- **DATA UNDER STUDY**
◇ ◇ ◇

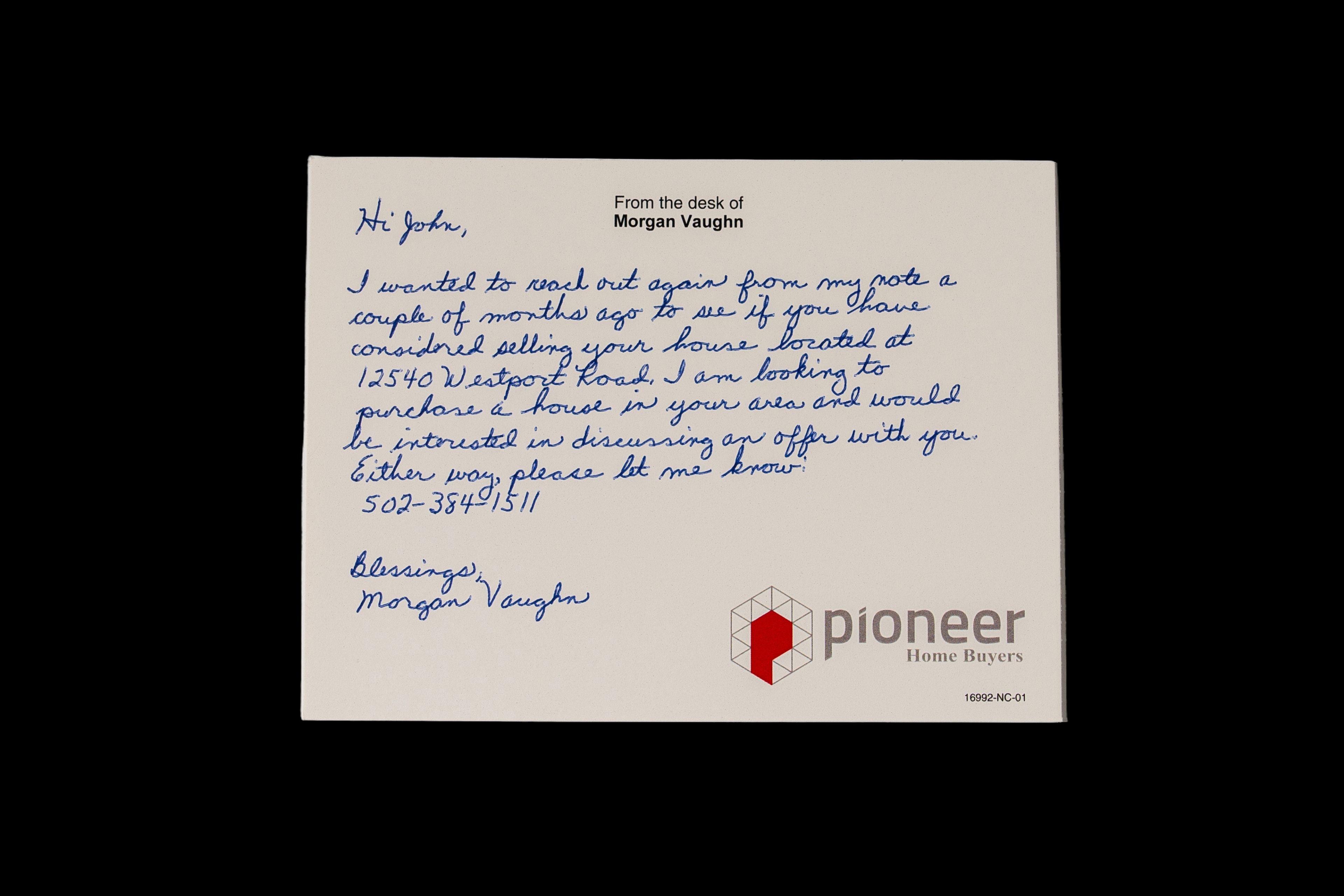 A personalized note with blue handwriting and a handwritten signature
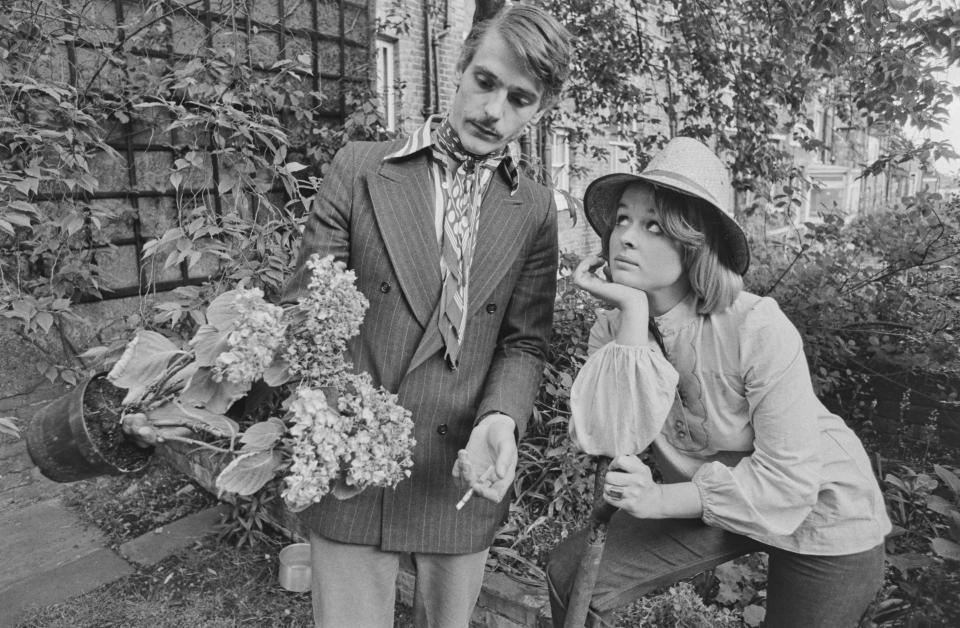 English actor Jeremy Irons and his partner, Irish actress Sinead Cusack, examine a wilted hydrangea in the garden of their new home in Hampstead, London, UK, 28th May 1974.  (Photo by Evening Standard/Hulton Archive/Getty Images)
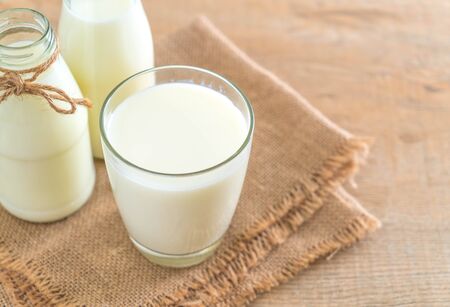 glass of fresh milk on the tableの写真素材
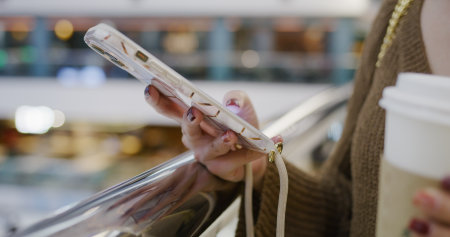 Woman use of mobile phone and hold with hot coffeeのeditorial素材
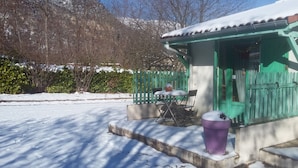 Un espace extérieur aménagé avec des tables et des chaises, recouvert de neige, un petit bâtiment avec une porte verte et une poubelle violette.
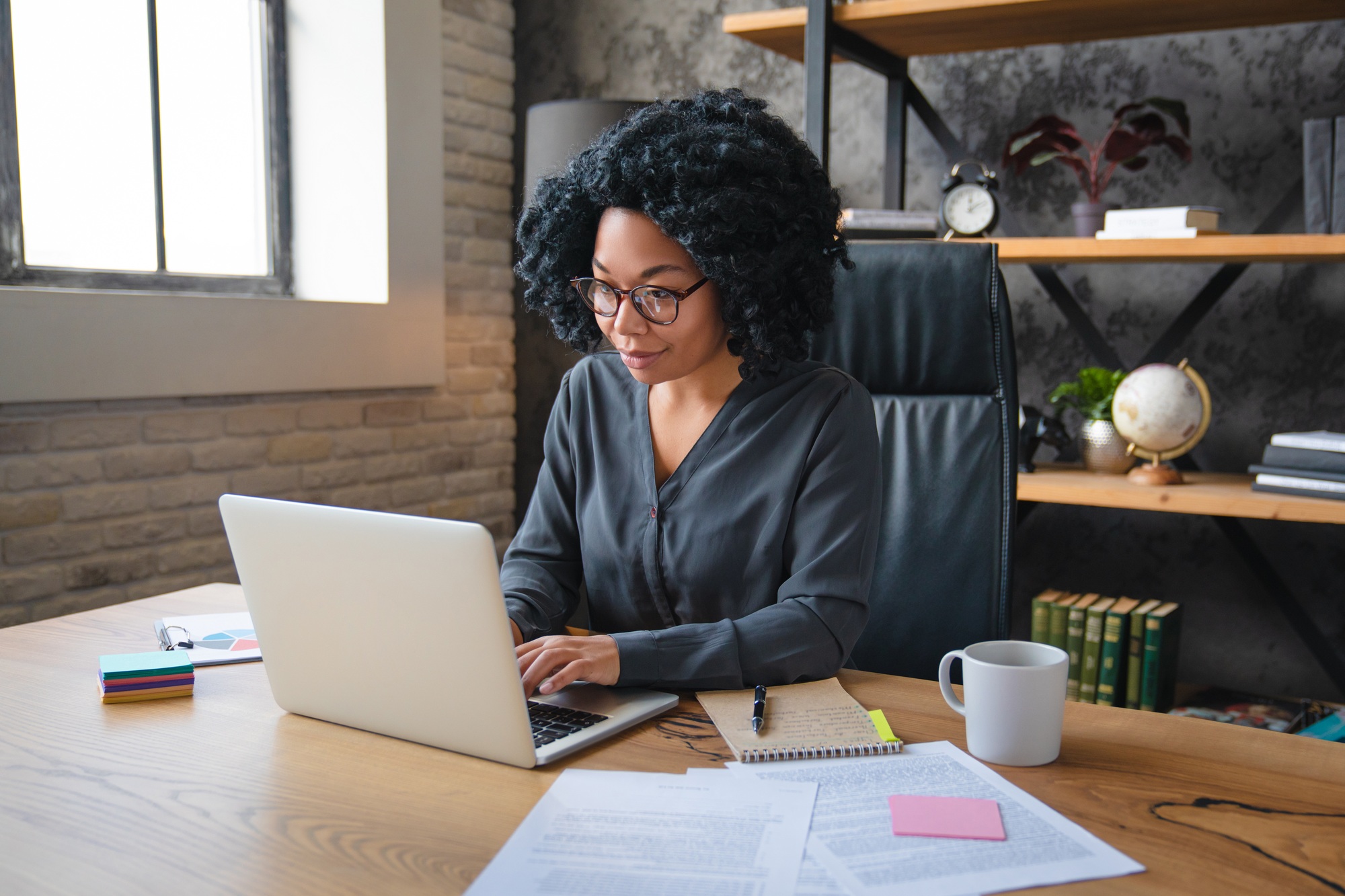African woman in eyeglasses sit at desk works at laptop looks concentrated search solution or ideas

◇ ◇ ◇

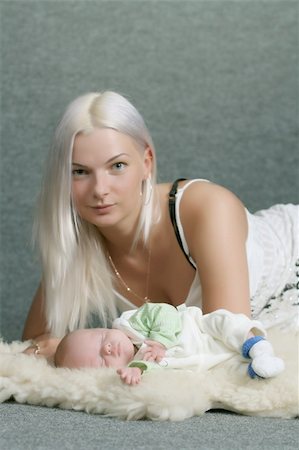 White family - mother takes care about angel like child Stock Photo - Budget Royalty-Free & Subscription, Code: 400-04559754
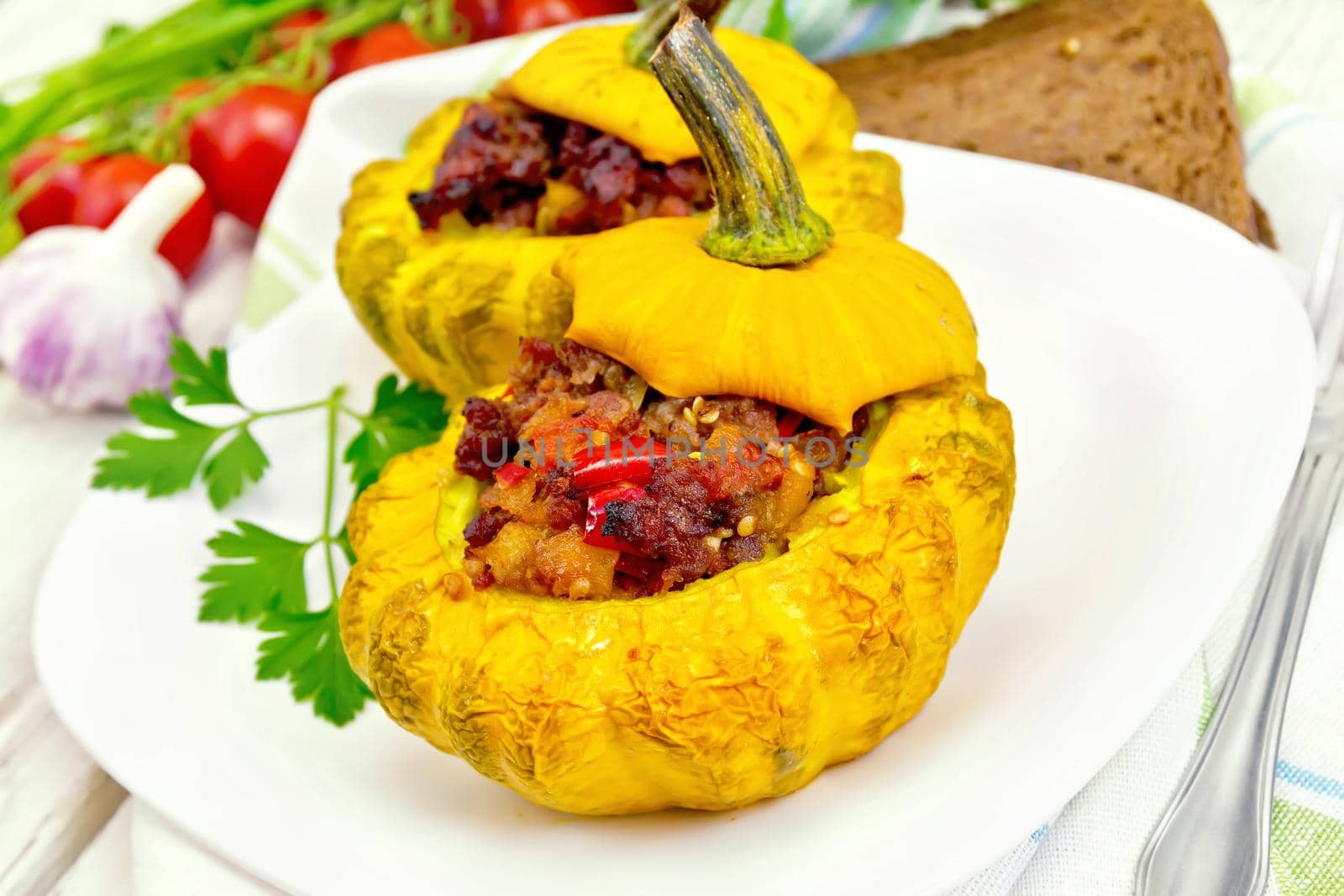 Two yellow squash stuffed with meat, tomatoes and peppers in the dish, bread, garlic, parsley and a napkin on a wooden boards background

◇ ◇ ◇

- **PROMPT**
Retype the lines above exactly as they appear, from the line containing "glass of fresh milk on the tableの写真素材" through the line containing "African woman in", and leave out any pictures.

- **COMPLETED EXERCISE**
 glass of fresh milk on the tableの写真素材
 Woman use of mobile phone and hold with hot coffeeのeditorial素材
 Un espace extérieur aménagé avec des tables et des chaises, recouvert de neige, un petit bâtiment avec une porte verte et une poubelle violette.
African woman in eyeglasses sit at desk works at laptop looks concentrated search solution or ideas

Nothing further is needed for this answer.